As builder confidence grows, today’s buyers throughout WA should prepare for the possibility of higher home prices. Confident sellers are less likely to make price concessions or to offer free upgrades.

If you are in the market for a new home, therefore, the time between now and the New Year may be the best opportunity to make a bid on a home. Starting next year, low prices may be gone.

Bank Repossessions Slip For 24th Consecutive Month

Foreclosures per household October 2012

According to data from RealtyTrac, a national foreclosure-tracking firm, the number of foreclosure filings increased 3 percent in October as compared to September 2012, climbing to 186,455 U.S. properties.

RealtyTrac defines a “foreclosure filing” as any foreclosure-related action including a Notice of Default, a Scheduled Auction, or a Bank Repossession. On average, 1 in every 706 U.S. homes had a foreclosure filing during the month of October.

For the 24th consecutive month, the number of bank repossessions fell, down less than 1% from the previous month and down 21% from October 2011. Bank repossessions dropped in 37 states, plus the District of Columbia, indicating that banks are seeking alternatives to foreclosure.

Distressed home sales, which include foreclosures and short sales, represented 23% of sales in the second quarter of 2012, down from 30% a year ago, according to the National Association of REALTORS®.

Florida again posted the top foreclosure rate nationwide.

One in every 312 Florida housing units had some sort of foreclosure filing in October as foreclosure starts moved to a 12-month high. Monthly filings increased 2% from last month.

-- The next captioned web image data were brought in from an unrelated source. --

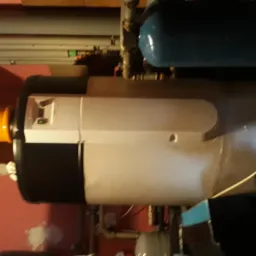 Nowoczesny piec gazowy z podłączonymi przewodami wentylacyjnymi i elementami instalacji, widoczny w pomieszczeniu o różowych ścianach.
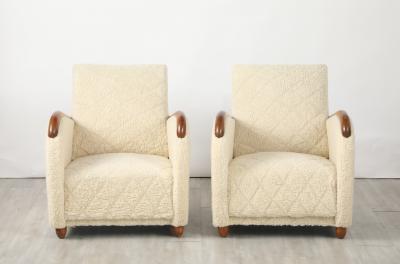 Osvaldo Borsani Osvaldo Borsani Pair of Sheepskin and Oak Lounge Chairs circa 1945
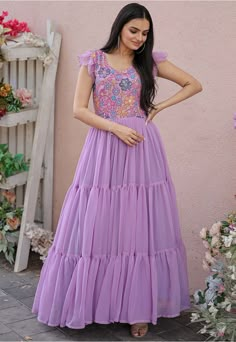 Readymade Faux Georgette Tiered Dress in Light Purple This attire is Enhanced with Resham and Sequins Work. Crafted in V Neck and Angle Sleeve Its Length is 56 inches Do note: 1.)Accessories shown in the image are for presentation purposes only and length may vary upto 2 inches. 2.)Slight variation in actual color vs. image is possible. Hands Designs For Long Frocks, Long Frock Designs For Women, Frocks Designs For Women, Long Frock Models, Creative Dresses, Angle Sleeve, Frock Designs For Women, Dress Designs For Stitching, Frock Models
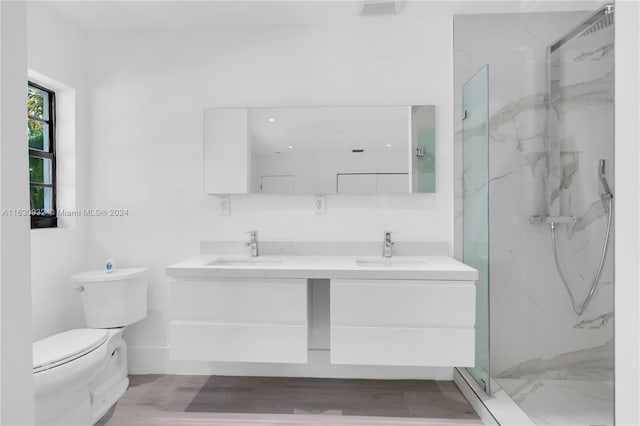 bathroom featuring wood-type flooring, double sink vanity, toilet, and an enclosed shower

In Nevada, the monthly increase was larger, rising 41% month-over-month, lifting it from the fifth-highest rate in September 2012, to the second-highest in October 2012.

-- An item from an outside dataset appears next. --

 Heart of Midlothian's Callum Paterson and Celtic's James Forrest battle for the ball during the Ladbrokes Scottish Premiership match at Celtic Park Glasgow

Third-ranked Illinois saw a 6% increase in foreclosure filings over September 2012. California and Arizona rounded out the top five.

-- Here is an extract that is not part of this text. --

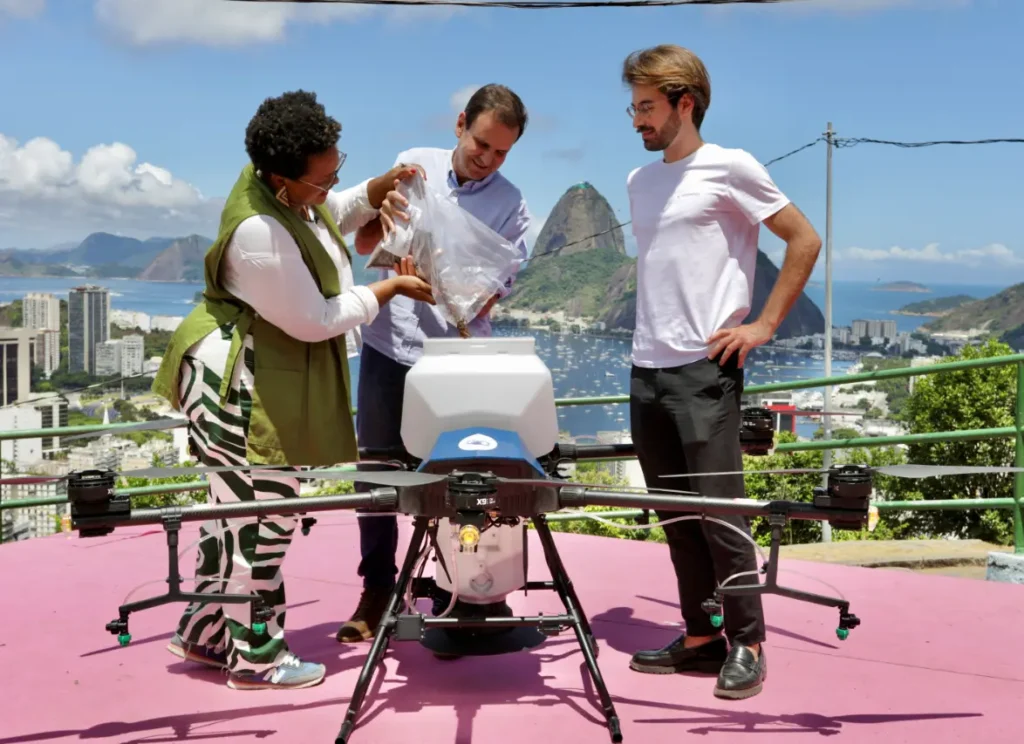 Tainá de Paula, Secretária de Meio Ambiente, e Eduardo Paes, Prefeito do Rio, abastecem o drone com sementes ao lado de Adrien Pages, CEO da Morfo. Foto:Beth Santos/Prefeitura do Rio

Hurricane Sandy made an impact on the foreclosure market, too, with a foreclosure moratorium being put into effect in the states most affected such as New Jersey, New York, and Connecticut.

For Renton home buyers planning to venture into the home foreclosure market, there are well-priced homes for sale. However, understand that a foreclosure property is often sold “as is,” and that you may not be allowed into the property prior to the sale to inspect for damage. Home may have termites, been gutted by previous tenants or owners, or be filled with lead paint or asbestos.

For this reason, it’s a good idea to engage an experienced real estate professional when buying foreclosure properties. Real estate agents can guide you through the foreclosure process and give advice regarding contracts and home inspections.